Things have changed, Bruce says, at the show in general over the decades. 

“It’s a very commercial show now. I’m worried that it’s no longer really an agricultural show. The way that it’s gone it will end up as a three ring circus and a carboot. 

“There’s no grand parade anymore. But I can’t say anything wrong about it really. Last year I went and walked about a bit, because I wasn't busy in the poultry tent, and the crowds were entertained. That’s more what it’s about now. It’s the public you’ve got to suit so I can’t complain but I do worry about it.”

It was Bruce who first roped Horrocks into the show some 20 years ago – literally. 

“I started by organising the tug of war and I’ve been chairman now for five or six years,” he says.
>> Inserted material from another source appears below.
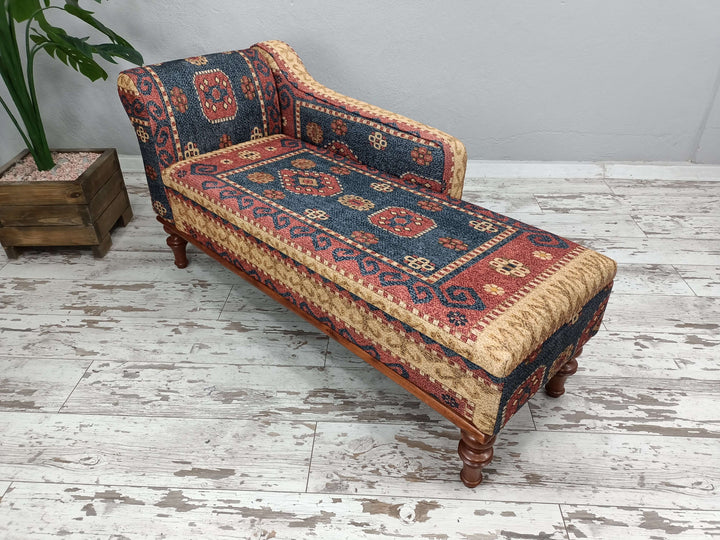 Rocking Chaise Lounge With Soft Fabric Upholstery, Woodworker Large Size Printed Chaise Lounge, Vintage Pattern Upholstered Rocking Chaise Lounge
One of the biggest changes Horrocks has seen since he first became involved is the cost of putting the event on. 

“Back then it probably only cost £20,000. This year the marquees alone are £20,000 just to hire. Toilets are £3,000-4,000 and then there’s staff costs on the day. And all of a sudden the shows costing £50,000-£60,000.

“We’ve managed to keep the entry fee down to £10 for an adult but next year they’ll have to go up.” 

But last year, “for a first time in a long time” the Great Harwood show managed to turn profit, Horrocks says. 

“Everything that we do make we plough back into the infrastructure of the show. Land management doesn’t come cheap either.”

Whether permitting, Horrocks hopes to welcome up to 10,000 people to Great Harwood Showground on Monday. 

“It takes some organising,” he said. “We plan it all year. It’s a mammoth task and most of it goes unseen. But it’s a huge benefit to the local economy. 

“The event brings people to the local area from all over. People pop in for a drink at the Park Hotel or the Game Cock Inn – it brings business everywhere and it puts Great Harwood on the map.”

The Great Harwood Agricultural Show is on Spring Bank Holiday Monday, 27 May, at Great Harwood Showground, Whalley Road.